ロックアウトとは?【弁護士が解説】

執筆者
弁護士 宮崎晃

弁護士法人デイライト法律事務所 代表弁護士

保有資格 / 弁護士・MBA・税理士・エンジェル投資家

『労働組合のストライキに対抗手段はありませんか?』

『従業員に対して自宅待機を命じることはできませんか?』

『ロックアウトを行ったら賃金を支払うべきですか?』

デイライト法律事務所の労働事件チームには、このような労働組合とのトラブルに関するご相談が多く寄せられています。

ロックアウトの適法性と注意点について、労働事件に精通した弁護士が解説しますので、ご参考にされてください。

 

 

 

ロックアウトとは?

拒否のイメージイラストロックアウトとは、使用者が争議行為の相手方である労働者に対して、労務の受領を集団的に拒絶し、又は事業場から集団的に締め出す行為をいいます。

使用者がロックアウトを行う目的は、労務提供を拒否することで労働者に対する賃金の支払を免れることにあります。

そこで、具体的にどのような場合に、ロックアウトが正当な行為とされ、賃金支払義務を免れるかについて、学説、裁判例を通じて議論されてきました。

 

 

ロックアウトに関する裁判例

この点、丸島水門事件において、最高裁判所は以下のように述べて、一般的な基準を明らかにしました(最三小判昭50年4月25日民集29巻4号481頁)。

判例 丸島水門事件(最三小判昭50年4月25日民集29巻4号481頁)

「個々の具体的な労働争議の場において、労働者側の争議行為によりかえつて労使間の勢力の均衡が破れ、使用者側が著しく不利な圧力を受けることになるような場合には、衡平の原則に照らし、使用者側においてこのような圧力を阻止し、労使間の勢力の均衡を回復するための対抗防衛手段として相当性を認められるかぎりにおいては、使用者の争議行為も正当なものとして是認されると解すべきである。
労働者の提供する労務の受領を集団的に拒否するロックアウト(作業所閉鎖)は使用者の争議行為の一態様として行われるものであるから、それが正当な争議行為として是認されるかどうか、換言すれば、使用者が一般市民法による制約から離れて右のような労務の受領拒否をすることができるかどうかも、右に述べたところに従い、個々の具体的な労働争議における労使間の交渉態度、経過、組合側の争議行為の態様、それによって使用者側の受ける打撃の程度等に関する具体的諸事情に照らし、衡平の見地から見て労働者側の争議行為に対する対抗防衛手段として相当と認められるかどうかによってこれを決すべく、このような相当性を認めうる場合には、使用者は正当な争議行為をしたものとして、右ロックアウト期間中における対象労働者に対する個別的労働契約上の賃金支払義務をまぬがれるものといわなければならない。」

この判例の立場からすれば、労働者による争議行為がいまだ行われていない段階で行うロックアウト(先制的ロックアウト)は許されないことになります。
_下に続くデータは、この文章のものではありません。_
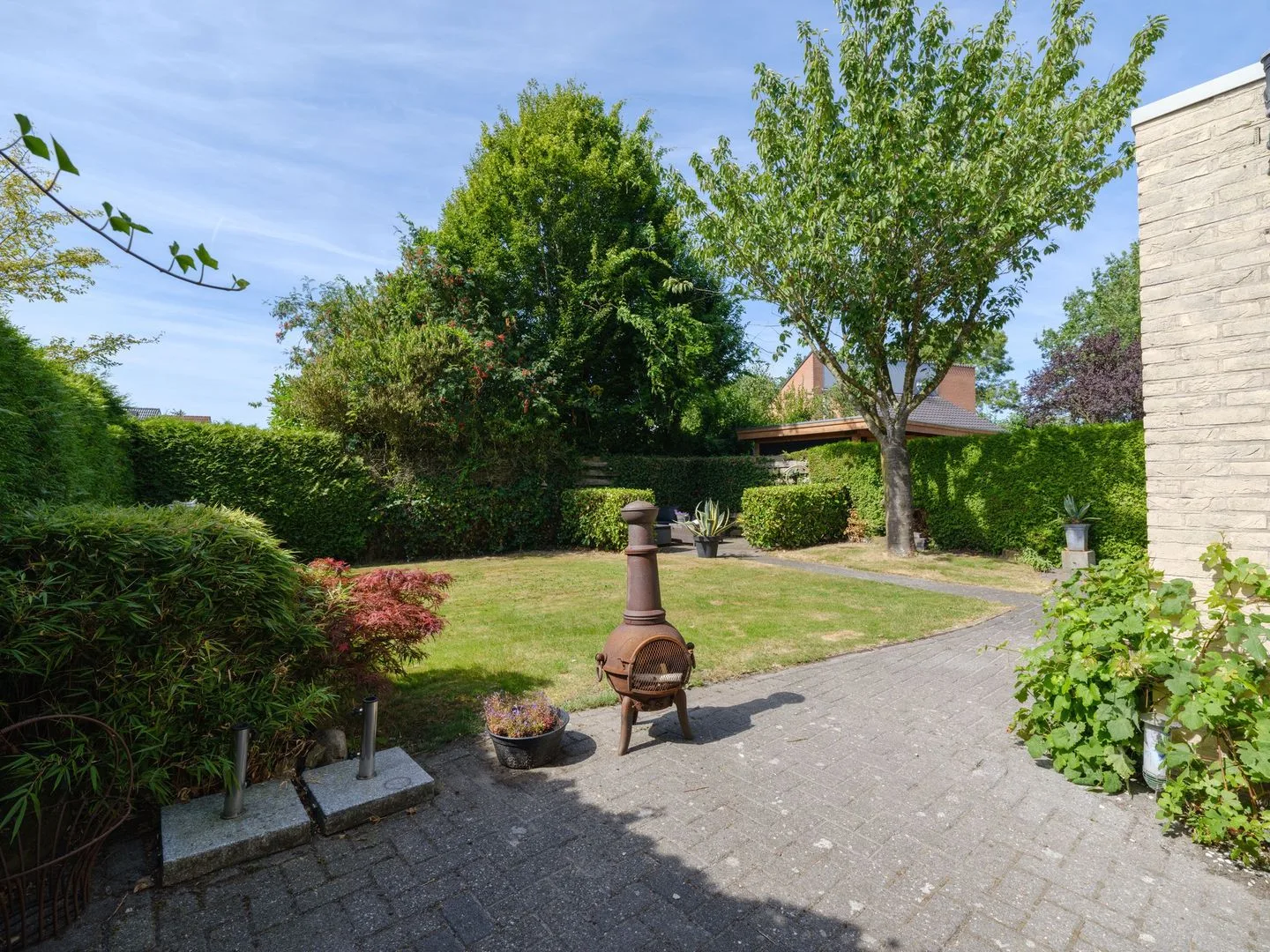Waterlelie 31 Drachten thumbnail 38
また、防衛的な手段としてロックアウトが認められるかどうかは、以下の考慮要素が挙げられています。

ロックアウトが認められる条件
  1. 労使間の交渉態度
  2. 経過
  3. 組合側の争議行為の態様
  4. それによって使用者が受ける打撃の程度

ロックアウトが認められたケース

正当性が認められたロックアウトとしては、以下のような裁判例があります。

判例 安威川生コンクリート工業事件(最三小判平18年4月18日民集60巻4号1548頁)

この事件では、労働者側が時限ストライキを行い、使用者がその日に割り当てられた受注をこなすことができないとして、出荷を断念した直後にストライキを解除するという行動を6回繰り返したことに対して、使用者がロックアウトを行ったというものでした。
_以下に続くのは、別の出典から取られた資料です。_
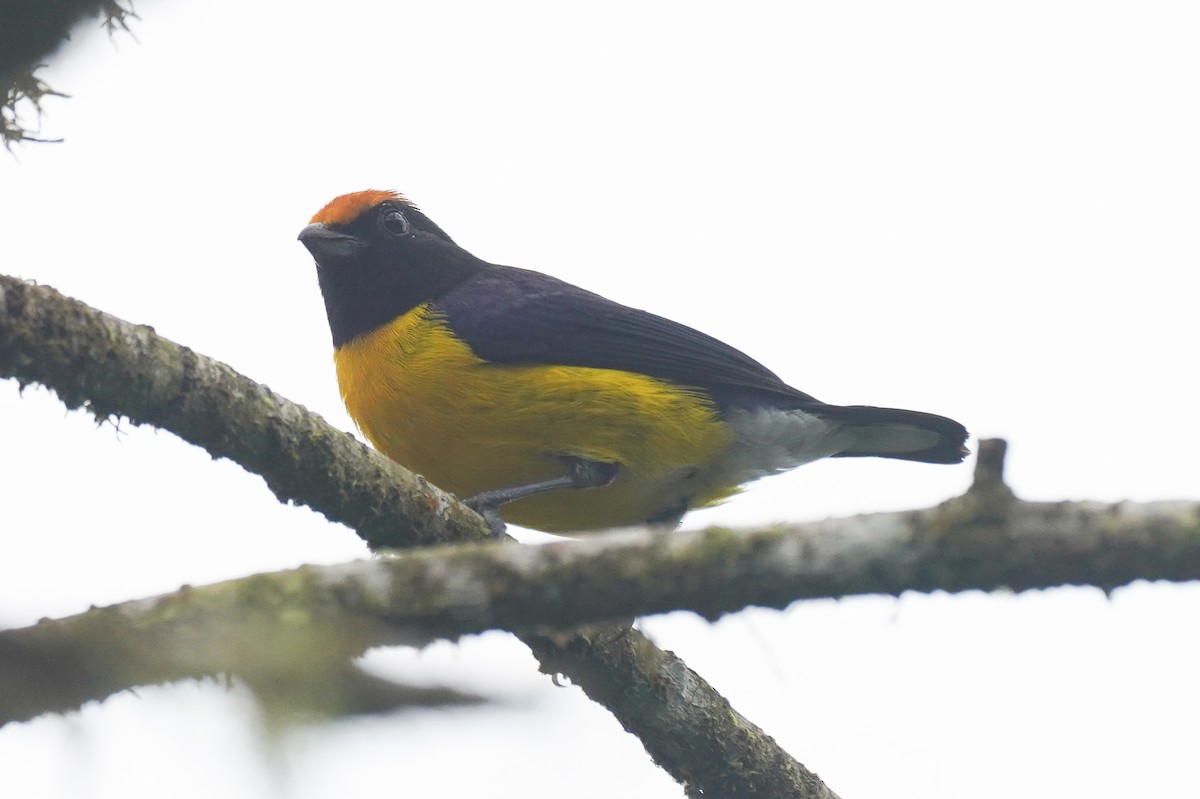 Tawny-capped Euphonia - ML643865852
最高裁は、労働者が提供した労務が、ストライキにより就労しなかった時間に対する減額をした賃金に到底見合わないものであり、使用者が労働者の時限ストにより資金繰りに著しく窮し、取引先の信用も損なったとして、労働者の行った争議行為の与えた影響が甚大であったことを理由に、使用者側の対抗防衛措置としてのロックアウトを正当化しています。

 

ロックアウトの注意点

注意ロックアウトは、上記のように、認められる要件が厳格であり、よほどの事情がないと違法となる可能性があります。

また、ロックアウトが認められるようなケースは、労働組合の争議行為によって、会社に大きな打撃が生じていることが想定されます。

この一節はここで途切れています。